Martín ya revolvía los cajones de la consola, y se probó un antifaz negro. El Tetas se ponía pelucas frente al espejo. Amén se ceñía un cinto plateado con una espada, la desenvainó, besó la cruz y luego ensayó una estocada. Mingo y Luis se disponían a tapar la boca del pasadizo, encajar los tochos y arrimar el baúl. Java los paró:

– No hace falta. Os vais a ir en seguida.

– Sarnita quería saludarte, hombre, sólo hemos venido para eso -gruñó Mingo-. Y para enseñarle el refugio.

– No deben veros aquí -Java nervioso, Amén paseando a su alrededor, observándole con sonrisa burlona, y él -: Tú qué miras.

Tiró los bigotes y la perilla sobre la consola.
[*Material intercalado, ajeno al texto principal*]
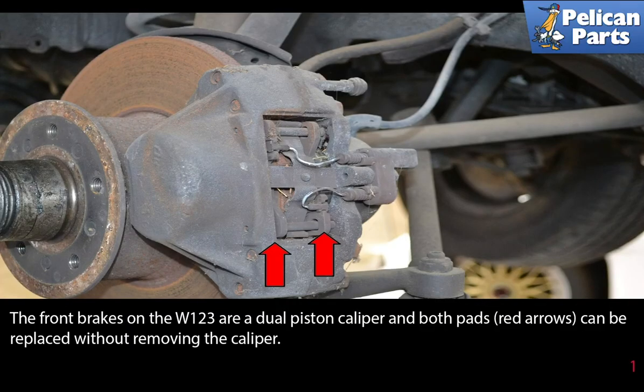The front brakes on the W123 are a dual piston caliper, and both pads can be replaced without removing the caliper.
Amén le palpó los cuernos de la frente.

– Flojos, como salchichas -dijo-. No pareces el Demonio, Java.

– Pareces el Capitán Maravillas -dijo el Tetas-. La capa roja es fermi.

– Marchaos, puñeta.

– Lo que pareces es un obispo -dijo Amén.

– ¿Nunca os contó cómo conoció al obispo? -dijo Sarnita-. Por mi madre. Luego me recordáis que os lo cuente…

– Tetas, deja las pelucas en su sitio -irritado Java, empujándole-. Fuera todos, venga.

– Oye una cosa -dijo Sarnita, y la bombilla del techo iluminaba su cabeza, pelona, con sus costras verdes de azufre-. ¿Por qué no te deja hacer la función, el inválido?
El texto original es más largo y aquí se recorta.